AIM OF THE TASK:
Only one stretch of the data should be retyped: the lines from the line containing "Casa Del Sol Luxury House Appartement *" through the line containing "Staybridge Suites Raleigh-Durham". Keep pictures out of it.

MATERIAL FOR THIS TASK:

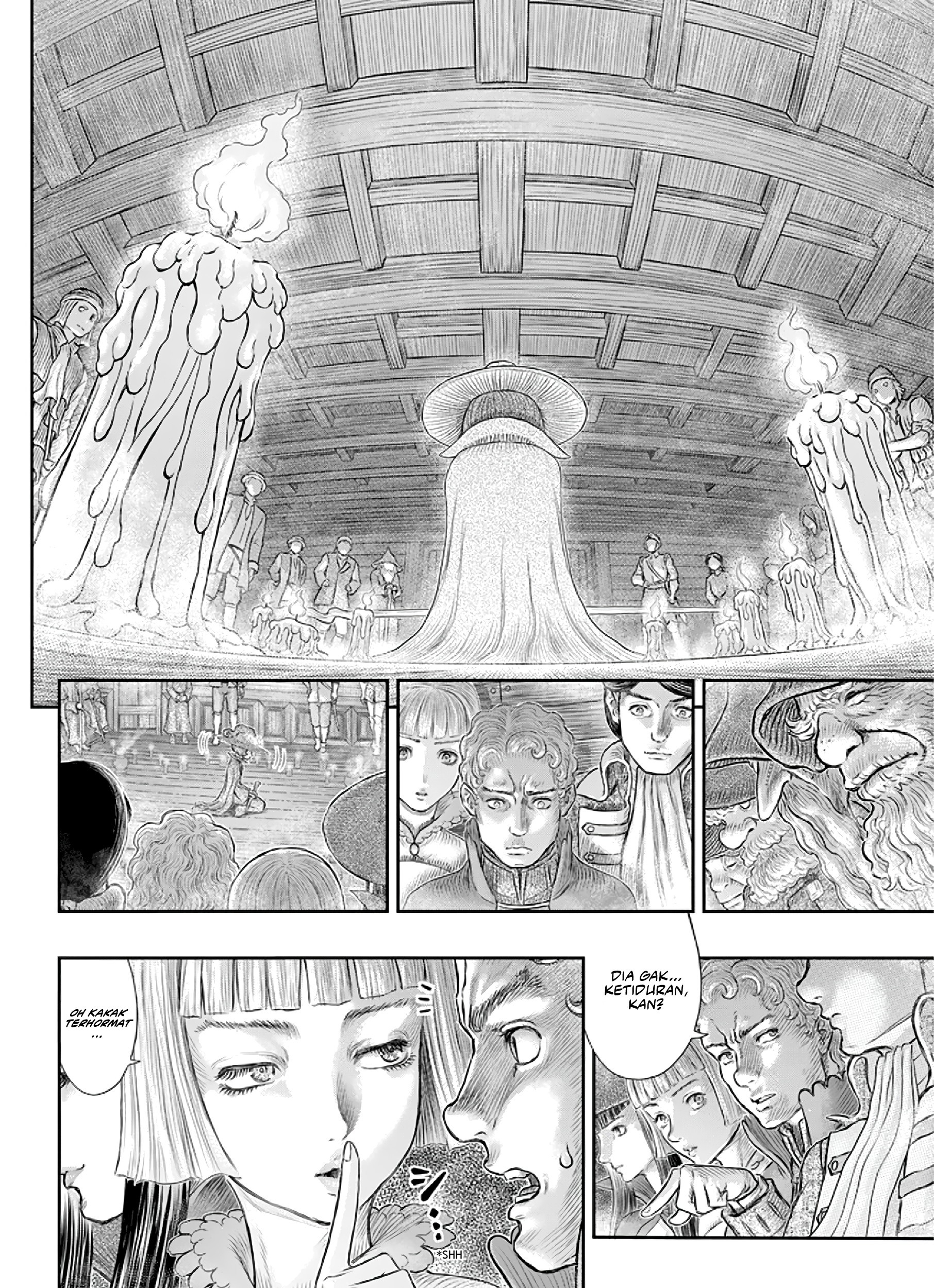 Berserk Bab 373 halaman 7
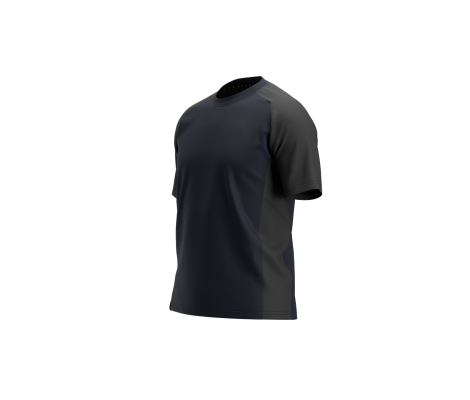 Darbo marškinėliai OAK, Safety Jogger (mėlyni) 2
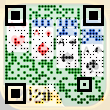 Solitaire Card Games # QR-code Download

--

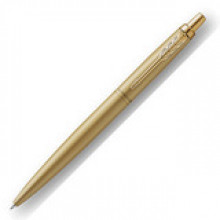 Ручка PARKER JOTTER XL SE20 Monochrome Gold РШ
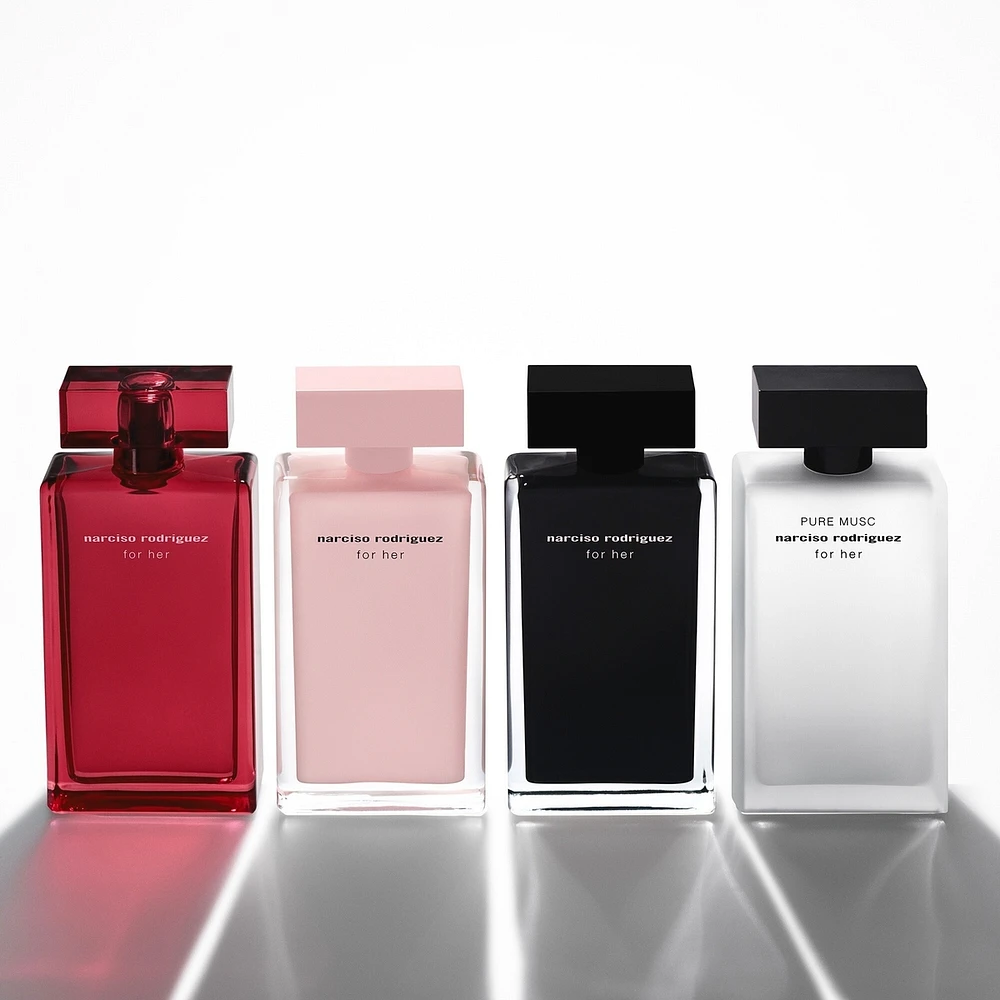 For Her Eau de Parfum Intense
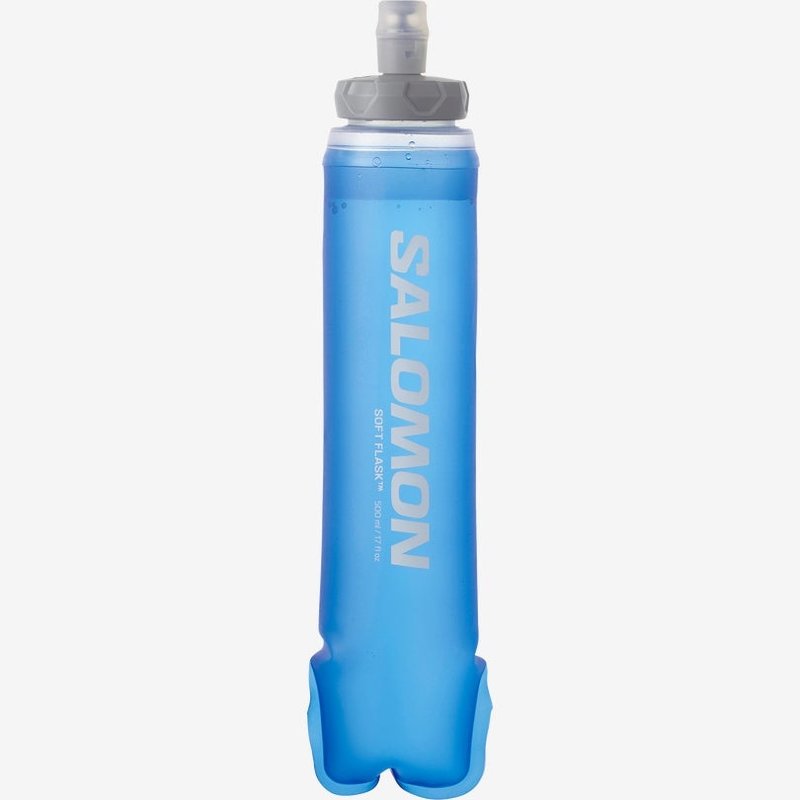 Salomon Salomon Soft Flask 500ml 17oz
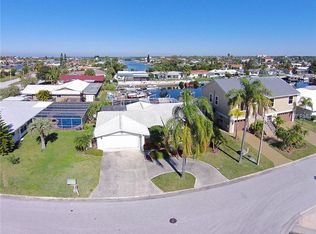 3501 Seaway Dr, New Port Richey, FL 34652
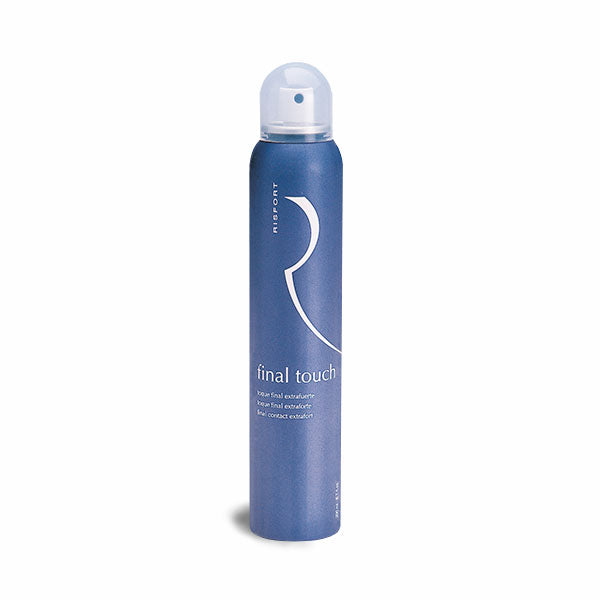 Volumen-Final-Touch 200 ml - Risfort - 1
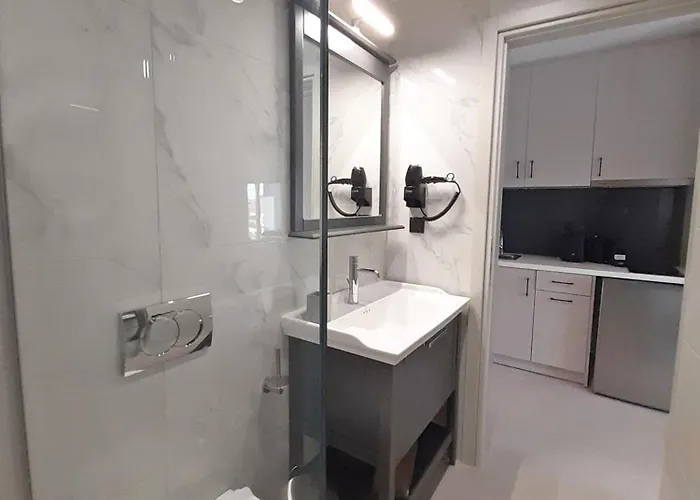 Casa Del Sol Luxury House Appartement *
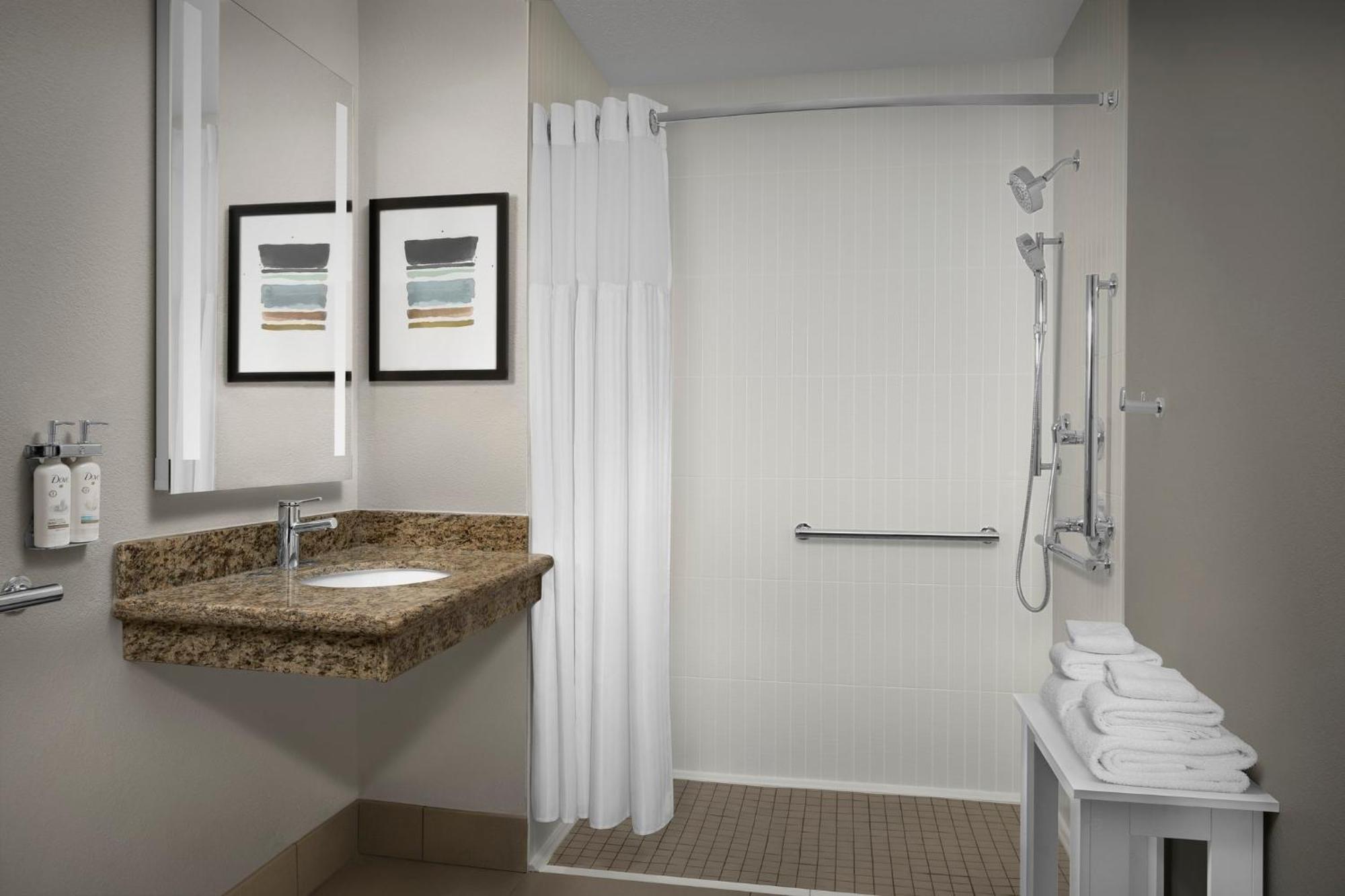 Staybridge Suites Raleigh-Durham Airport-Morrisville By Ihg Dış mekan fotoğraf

YOUR SOLUTION:
 Casa Del Sol Luxury House Appartement *
 Staybridge Suites Raleigh-Durham Airport-Morrisville By Ihg Dış mekan fotoğraf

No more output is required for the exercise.